APBD Rp 3,19 Triliun, Fee 15–20 Persen: Ardito Main Tarik Setoran Sejak Awal Menjabat
Mungki membeberkan bahwa APBD Lampung Tengah tahun 2025 sebesar Rp 3,19 triliun, sebagian besar untuk infrastruktur, layanan publik, dan program prioritas daerah.
Namun di balik anggaran jumbo itu, Ardito disebut mematok fee 15–20 persen dari para kontraktor agar proyek bisa digiring ke perusahaan tertentu.
Tidak cukup sampai di situ, Ardito menunjuk anggota DPRD Lampung Tengah, Riki Hendra Saputra (RHS), sebagai gatekeeper pengadaan barang dan jasa. Jika proyek itu adalah pintu, maka RHS adalah satpam yang hanya membuka pintu untuk perusahaan milik keluarga dan tim sukses Ardito.
Instruksi jabatan dengan modus:
- Pemenang lelang harus perusahaan keluarga.
- Atau perusahaan orang-orang yang mendukung Ardito saat Pilkada.
- Semuanya lewat Riki dan adik kandung Ardito sendiri.
Dengan kata lain, proyek pemerintah jadi arisan keluarga plus tim sukses.
Fee Mengalir dalam Periode Februari–November 2025, Rp 5,25 Miliar Lewat Adik dan Kolega
Selama sembilan bulan, Ardito disebut menerima fee total Rp 5,25 miliar dari rekanan. Uang tersebut tidak diberikan langsung kepada Ardito, tetapi dialirkan melalui:
- Riki Hendra Saputra, anggota DPRD
- Ranu Hari Prasetyo (RNP), adik kandung Ardito yang juga berperan sebagai bendahara fee proyek.
“Pada periode Februari–November 2025, AW diduga menerima fee senilai Rp 5,25 miliar dari sejumlah penyedia barang dan jasa melalui RHS dan RNP selaku adik Bupati Lampung Tengah,” jelas Mungki.
Artinya Ardito baru dilantik Februari 2025, dan pada bulan itulah aliran fee sudah mulai masuk. Ibarat baru masuk kantor, langsung hapal semua celah.
Tidak Cukup dengan Proyek Infrastruktur, Ardito Juga Garap Lelang Alkes
Masih kurang? Ternyata Ardito juga meminta Anton Wibowo (ANW) Plt Kepala Bapenda yang juga kerabat dekatnya untuk mengatur pemenang lelang alat kesehatan di Dinas Kesehatan Lampung Tengah.

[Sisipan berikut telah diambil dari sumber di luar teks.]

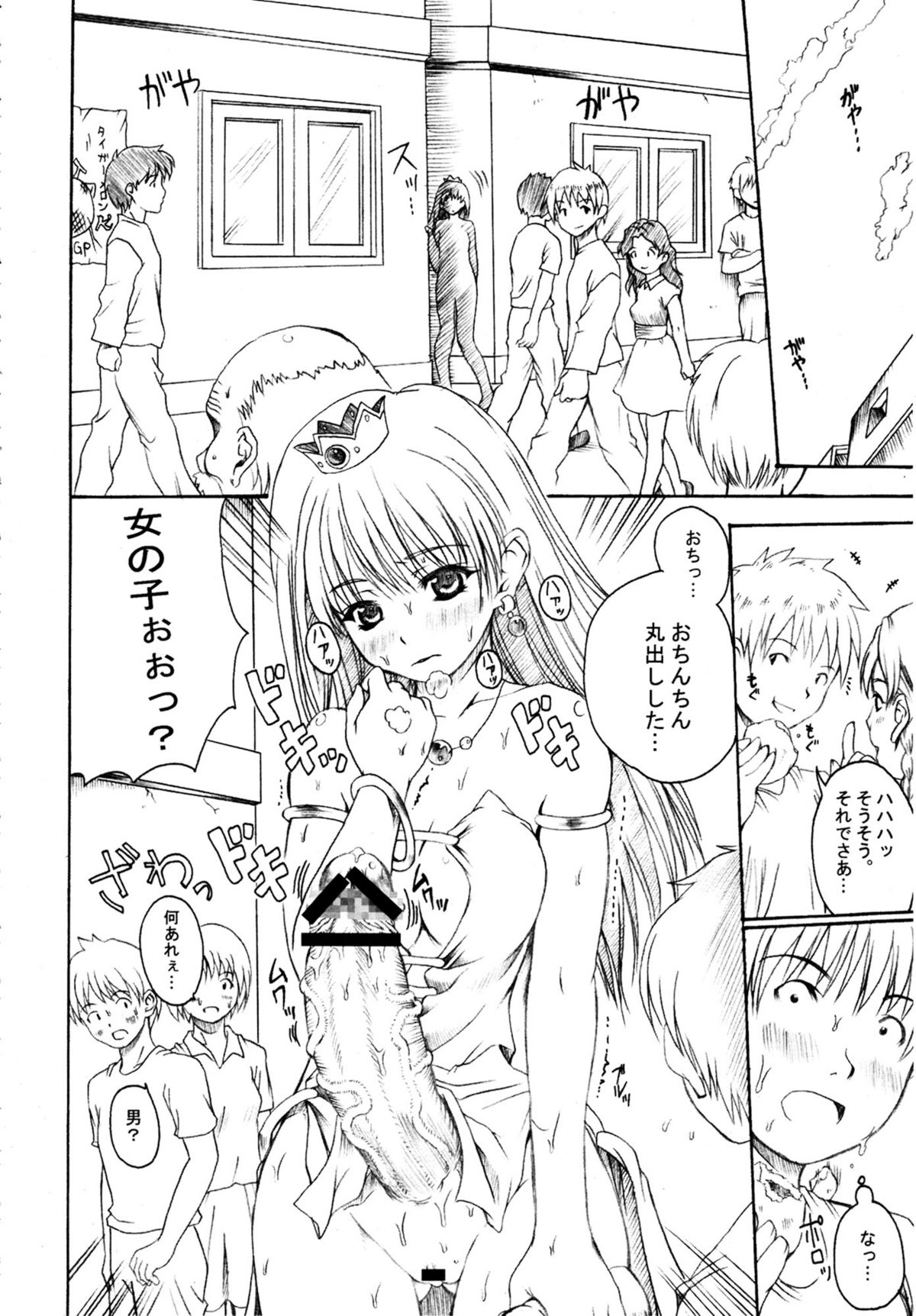 Chijoku Joukamachi Soushuuhen - Page 32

Dari pengondisian lelang alat kesehatan ini, Ardito kembali menerima fee sebesar Rp 500 juta dari Mohamad Lukman Sjamsuri (MLS), Direktur PT Elkaka Mandiri.
Total, aliran dananya Rp 5,25 miliar dari rekanan proyek, Rp 500 juta dari proyek alat kesehatan, jadi Rp 5,75 miliar fee dalam 9 bulan jabatan.

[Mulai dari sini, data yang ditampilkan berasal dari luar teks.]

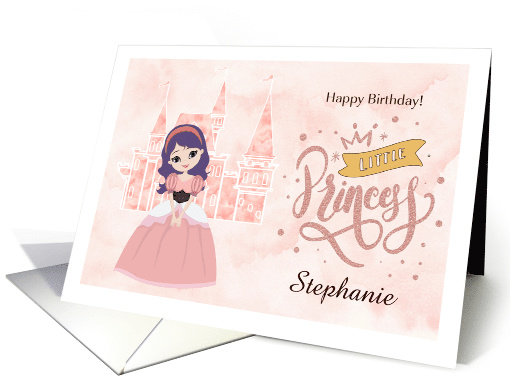Happy Birthday. Custom Name   Sweet Little Princess design card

KPK Tetapkan Lima Tersangka, Semua Pintu Masuk Fee Sudah Terpetakan
Dalam perkara ini, KPK menetapkan lima orang tersangka, yang jika disusun berdasarkan rantai distribusi fee, daftar lengkapnya seperti ini:
1. Ardito Wijaya, Bupati Lampung Tengah 2025–2030 (diduga otak utama)
2. Riki Hendra Saputra, Anggota DPRD, sekaligus pengumpul fee dari rekanan
3. Ranu Hari Prasetyo, Adik Ardito, diduga sebagai penampung aliran dana
4. Anton Wibowo, Plt Kepala Bapenda, pengatur lelang alkes
5. Mohamad Lukman Sjamsuri, Direktur PT Elkaka Mandiri, pihak pemberi suap
Pola hubungan kelimanya menunjukkan model klasik korupsi daerah yakni kekuasaan lokal, tim sukses, keluarga, dan kontraktor yang tahu cara berinvestasi pada Kepala Daerah yang baru dilantik.
Bagi KPK, Lampung Tengah hanyalah satu dari banyak kabupaten yang anggarannya besar dan tata kelolanya rapuh. Tapi untuk warga Lampung Tengah adalah Bupati yang baru menjabat belum sempat menunjukkan kinerja, sudah lebih dulu menunjukkan naluri berburu fee proyek.
Kalau biasanya pejabat korup itu pemanasan dulu, Ardito justru memilih langsung tancap gas lari sprint hingga akhirnya tersandung KPK.
Dan KPK pun, seperti biasa, tinggal menunggu siapa lagi yang akan ikut terseret dari lingkaran pemodal dan rekanan proyek. Karena dalam drama korupsi, babak pertama hanyalah permulaan masuknya pelaku dan kasus kembangan lainnya.